Suite à un de ses articles, j’ai eu un débat par e-mail avec Alban, un entrepreneur et ami toulousain. Récemment, il a développé son point de vue dans un article de son blog, j’ai donc décidé d’en faire de même.
D’un côté, lorsqu’on a l’idée d’un nouveau produit ou service, on peut prendre le risque de quitter son emploi pour créer une entreprise et s’y consacrer à plein temps. C’est ce qu’Alban réalise avec réussite en ce qui concerne ses cours d’Anglais. De l’autre, on peut décider de poursuivre son emploi, d’autant plus s’il nous passionne, tout en testant de nouvelles activités.
Créer une entreprise à plein temps
En phase de création d’une entreprise, il est nécessaire d’y consacrer beaucoup de temps. Comme le développement du projet peut prendre quelques mois avant d’être rentable, il faut bien avoir mesuré les risques avant de se lancer dans l’aventure. Généralement, il faut faire un choix de vie qui est difficile à assumer.

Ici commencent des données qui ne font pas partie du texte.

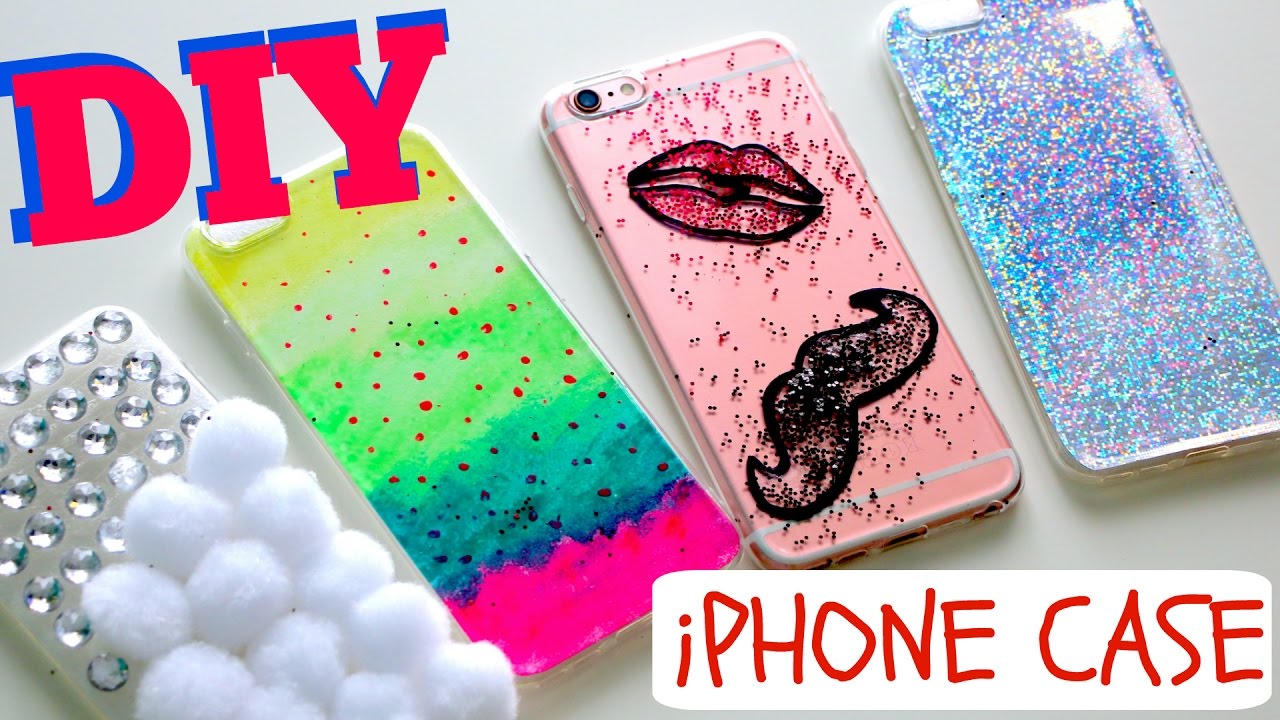 DIY iPhone Case  | DIY чехлы для телефона своими руками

Si la majeure partie de notre journée est dédiée à la réalisation d’une activité qui nous passionne moins que notre projet de création, on aura certainement peu d’énergie et de motivation pour le développer en dehors de nos horaires professionnels. Cela génère deux risques :
- Augmenter la durée avant que le projet soit rentable. Les actions nécessaires au bon lancement du projet seront plus étalées dans le temps.
- Augmenter le risque d’échec. En gardant son emploi, on se laisse une excuse en cas d’échec, ce qui n’incite pas à s’y investir au maximum.
Si Bill Gates avait décidé de poursuivre ses études et commencer par un emploi de programmeur informatique, la société qu’il a développée n’existerait certainement pas.
La magie du temps partiel
Dans la partie « The Magic of Part Time » de sa conférence, Jim Rohn raconte qu’il s’est donné l’objectif de travailler dans son emploi habituel, tout en travaillant à faire fortune dans ses moments libres. De cette manière, il est parvenu à obtenir deux fois plus de revenus à temps partiel. Il aurait pu se faire plaisir et quitter son emploi avec le refrain « Au revoir, au revoir Président », comme dans la publicité pour le Loto. Au lieu de cela, il a continué à travailler. Pourquoi ? de cette manière, il avait une histoire incroyable à raconter. Tout le monde voulait savoir ce qu’il avait fait pour essayer de faire la même chose.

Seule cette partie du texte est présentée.